What you should output is the data below, unchanged in every character.

*** Opening Exercise materials ***

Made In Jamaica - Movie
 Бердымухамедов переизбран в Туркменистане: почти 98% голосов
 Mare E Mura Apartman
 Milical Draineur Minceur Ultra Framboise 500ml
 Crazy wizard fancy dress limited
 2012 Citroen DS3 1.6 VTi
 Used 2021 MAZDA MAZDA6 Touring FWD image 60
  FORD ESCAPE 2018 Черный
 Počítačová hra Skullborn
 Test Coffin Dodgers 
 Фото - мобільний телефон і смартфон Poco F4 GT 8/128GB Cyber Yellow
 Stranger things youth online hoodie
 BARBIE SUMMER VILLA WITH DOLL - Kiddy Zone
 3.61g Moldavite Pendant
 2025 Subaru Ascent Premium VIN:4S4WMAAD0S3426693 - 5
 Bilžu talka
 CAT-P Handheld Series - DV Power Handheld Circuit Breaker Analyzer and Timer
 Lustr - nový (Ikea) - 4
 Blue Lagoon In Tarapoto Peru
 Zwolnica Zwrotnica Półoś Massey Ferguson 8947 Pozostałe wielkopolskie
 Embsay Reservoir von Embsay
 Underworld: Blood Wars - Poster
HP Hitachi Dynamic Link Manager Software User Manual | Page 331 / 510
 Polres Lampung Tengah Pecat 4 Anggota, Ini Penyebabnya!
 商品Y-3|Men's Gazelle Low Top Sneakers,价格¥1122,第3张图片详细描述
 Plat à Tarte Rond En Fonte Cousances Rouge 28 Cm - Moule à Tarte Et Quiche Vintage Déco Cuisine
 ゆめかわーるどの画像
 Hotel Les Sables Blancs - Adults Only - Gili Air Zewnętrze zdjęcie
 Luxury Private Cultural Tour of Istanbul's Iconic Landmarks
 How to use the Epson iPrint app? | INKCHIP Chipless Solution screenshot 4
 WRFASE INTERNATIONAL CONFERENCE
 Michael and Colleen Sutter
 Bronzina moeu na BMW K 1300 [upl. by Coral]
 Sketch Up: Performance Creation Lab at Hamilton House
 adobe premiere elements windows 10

*** Closing Exercise materials ***

→ **Reply**
Made In Jamaica - Movie
 Бердымухамедов переизбран в Туркменистане: почти 98% голосов
 Mare E Mura Apartman
 Milical Draineur Minceur Ultra Framboise 500ml
 Crazy wizard fancy dress limited
 2012 Citroen DS3 1.6 VTi
 Used 2021 MAZDA MAZDA6 Touring FWD image 60
  FORD ESCAPE 2018 Черный
 Počítačová hra Skullborn
 Test Coffin Dodgers 
 Фото - мобільний телефон і смартфон Poco F4 GT 8/128GB Cyber Yellow
 Stranger things youth online hoodie
 BARBIE SUMMER VILLA WITH DOLL - Kiddy Zone
 3.61g Moldavite Pendant
 2025 Subaru Ascent Premium VIN:4S4WMAAD0S3426693 - 5
 Bilžu talka
 CAT-P Handheld Series - DV Power Handheld Circuit Breaker Analyzer and Timer
 Lustr - nový (Ikea) - 4
 Blue Lagoon In Tarapoto Peru
 Zwolnica Zwrotnica Półoś Massey Ferguson 8947 Pozostałe wielkopolskie
 Embsay Reservoir von Embsay
 Underworld: Blood Wars - Poster
HP Hitachi Dynamic Link Manager Software User Manual | Page 331 / 510
 Polres Lampung Tengah Pecat 4 Anggota, Ini Penyebabnya!
 商品Y-3|Men's Gazelle Low Top Sneakers,价格¥1122,第3张图片详细描述
 Plat à Tarte Rond En Fonte Cousances Rouge 28 Cm - Moule à Tarte Et Quiche Vintage Déco Cuisine
 ゆめかわーるどの画像
 Hotel Les Sables Blancs - Adults Only - Gili Air Zewnętrze zdjęcie
 Luxury Private Cultural Tour of Istanbul's Iconic Landmarks
 How to use the Epson iPrint app? | INKCHIP Chipless Solution screenshot 4
 WRFASE INTERNATIONAL CONFERENCE
 Michael and Colleen Sutter
 Bronzina moeu na BMW K 1300 [upl. by Coral]
 Sketch Up: Performance Creation Lab at Hamilton House
 adobe premiere elements windows 10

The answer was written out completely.